Charge on the positive plane = `+Q_1`

Charge on the negative plate = `-Q_2`

To calculate: Charge on the capacitor

Let ABCD be the Gaussian surface such that faces AD and BC lie inside plates X and Y, respectively.

Let q be the charge appearing on surface II. Then, the distribution of the charges on faces I, III and IV will be in accordance with the figure.

Let the area of the plates be A and the permittivity of the free space be `∈_0`.

Now, to determine q in terms of Q_{1} and Q_{2}, we need to apply Gauss's law to calculate the electric field due to all four faces of the capacitor at point P. Also, we know that the electric field inside a capacitor is zero.

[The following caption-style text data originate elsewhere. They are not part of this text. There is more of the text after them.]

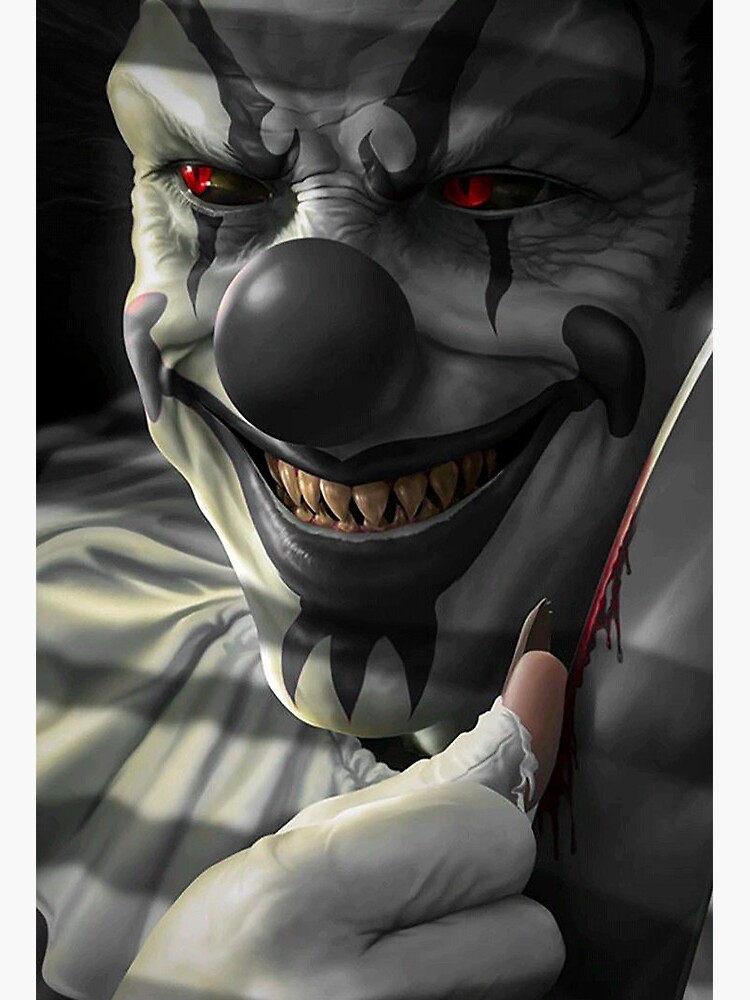 Dark clown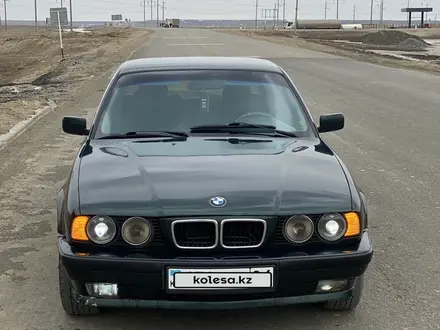 BMW 525 1991 года за 3 000 000 тг. в Актобе – фото 3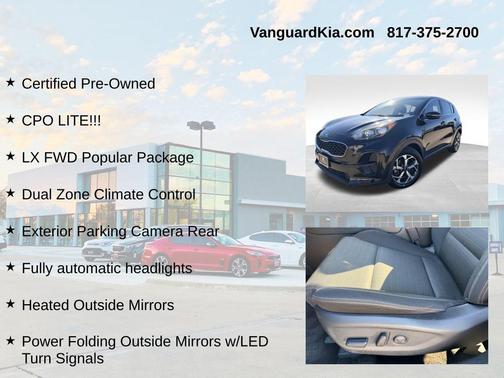 2021 Kia Sportage LX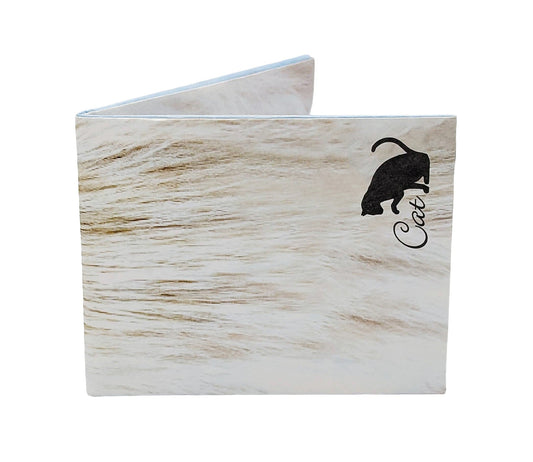 Purrfect Snowball Cat Mighty Wallet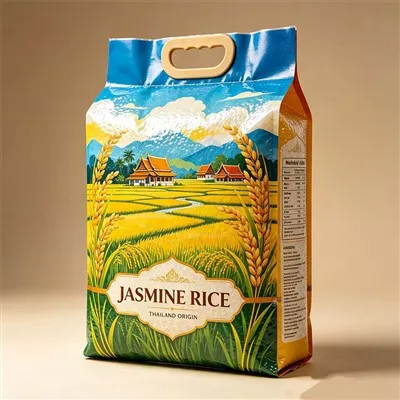 High Quality Printing PP Woven Bags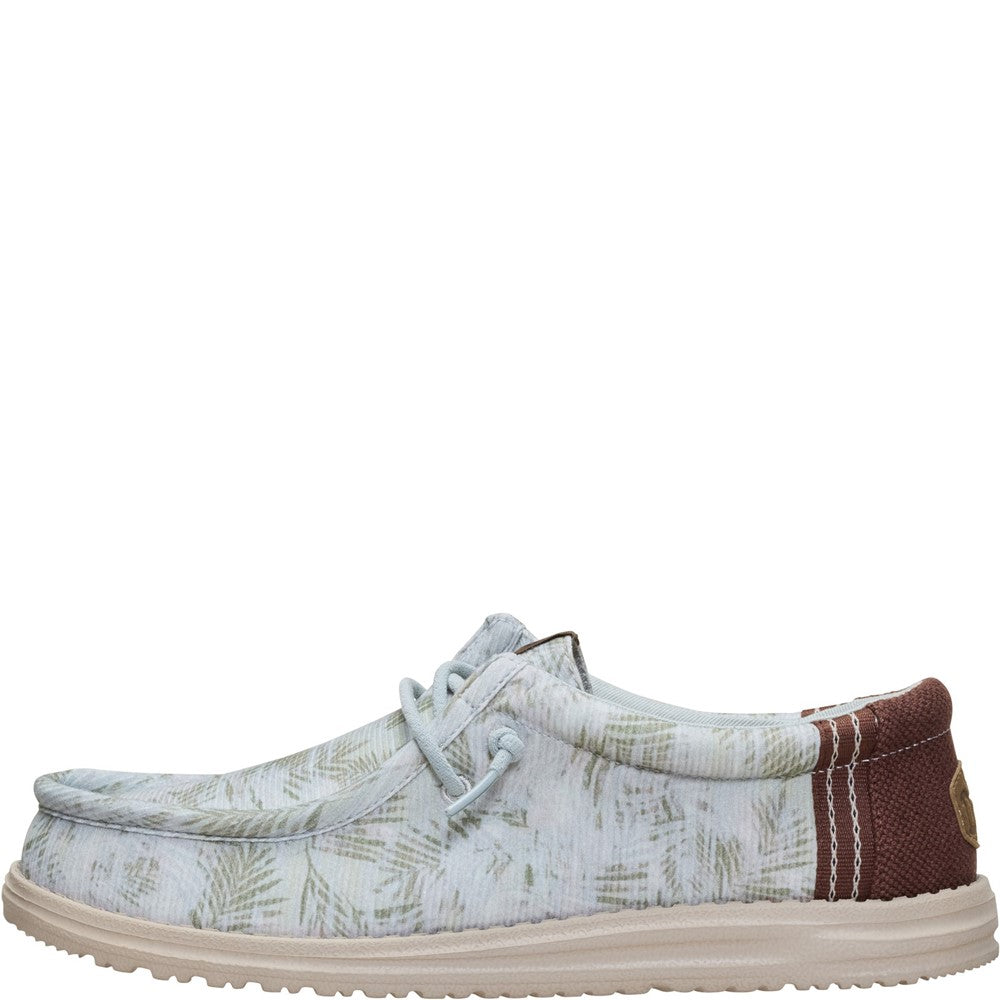 HEYDUDE Wally Washed Palm Shoes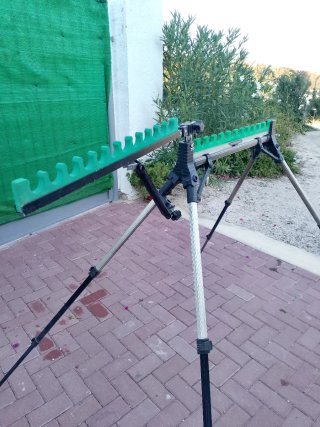 Apoyacañas Flamagan Doble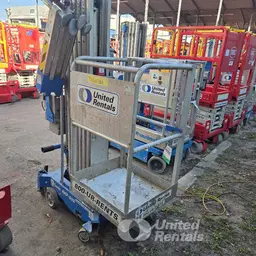 2020 Genie AWP-30SDC Pusharound Lift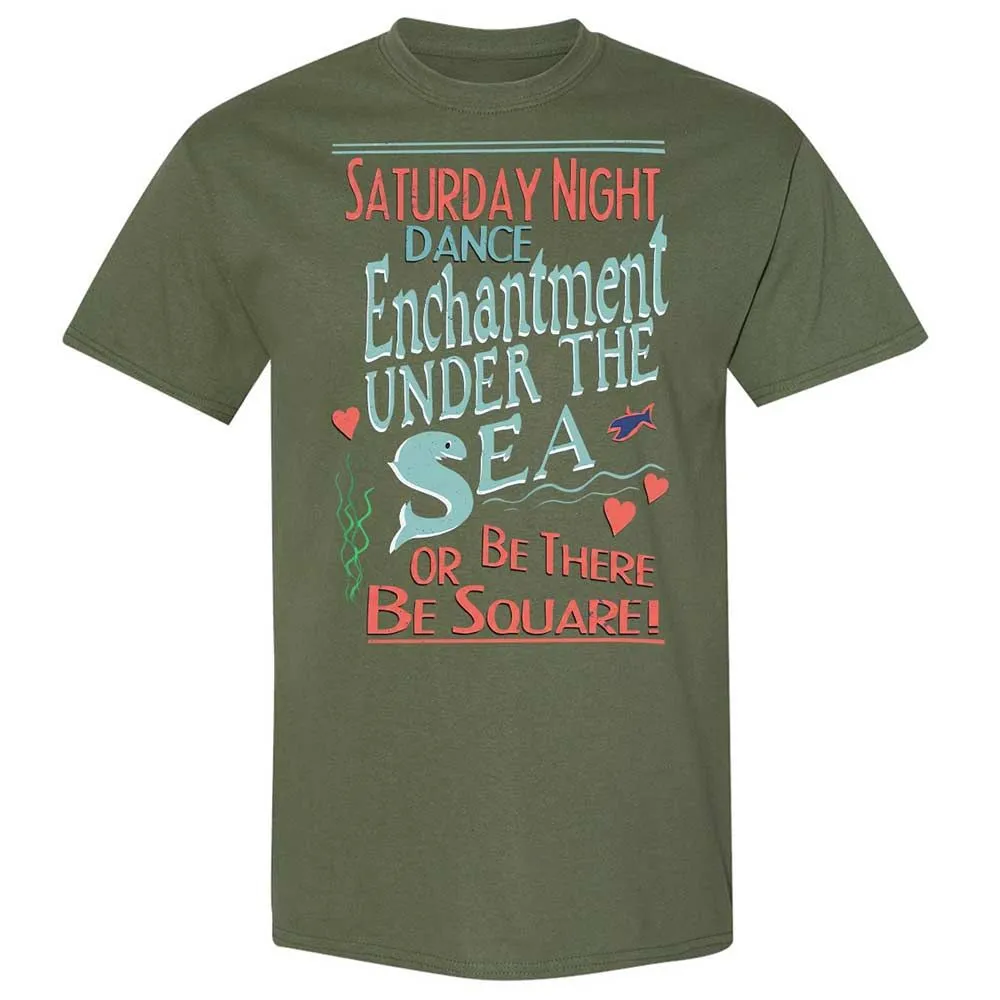 Enchantment Under the Sea Dance - Military Green - 9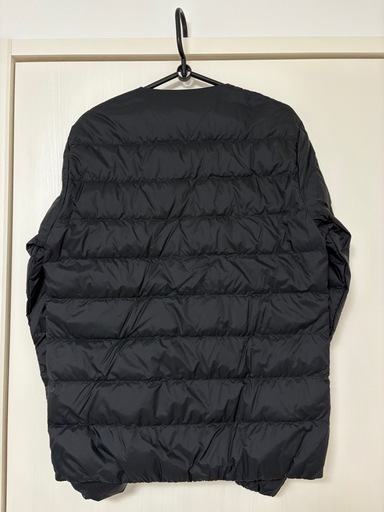 無印良品　ノーカラーダウン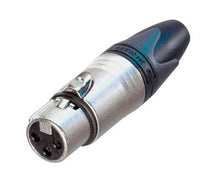 Load image into Gallery viewer, Neutrik NC3FXX Female XLR Connector Nickel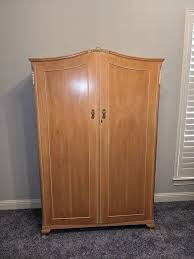 1940's Wardrobe, The Walnut Cabinet Works, London, England ...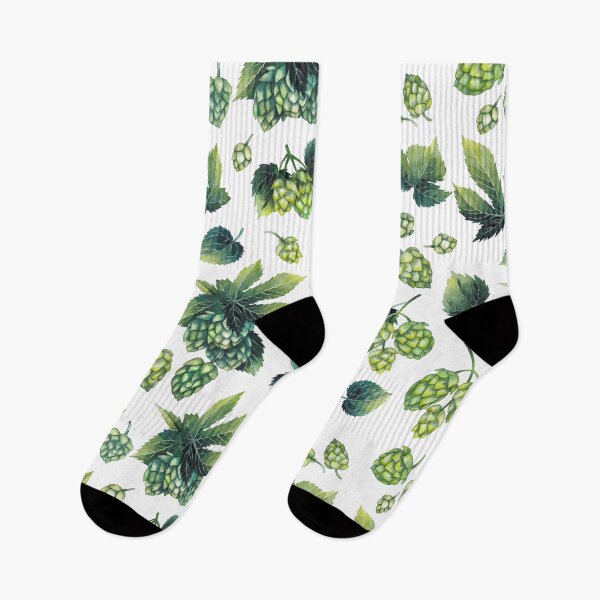 Item preview, Watercolor hops on the branch designed and sold by Ekaterina Glazkova.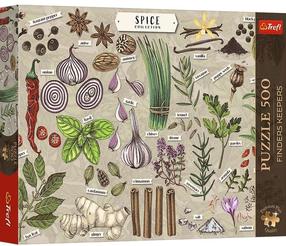 Dėlionė Trefl Finders Keepers Spices, 34 cm x 48 cm, 500 vnt., įvairių spalvų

Electric field due to face I at point P, E1 = `(Q_1 - q)/(2∈_0A)`

Electric field due to face II at point P, E_{2}_{=} `(+q)/(2∈_0A)`

Electric field due to face III at point P, E3 = `(-q)/{2∈_0A)`

Electric field due to face IV at point P, E_{4} = `-((-Q_2+q)/(2∈_0A))` (Negative sign is used as point P lies on the LHS of face IV.)

Since point P lies inside the conductor,

E_{1} + E_{2} + E_{3} + E_{4} = 0

`therefore` `Q_1-q+q-q-(-Q_2+q)` = 0

⇒ q = `(Q_1+Q_2)/2`

Thus , the change on the capacitor is `(Q_1+Q_2)/2`, which is the charge on faces II and III.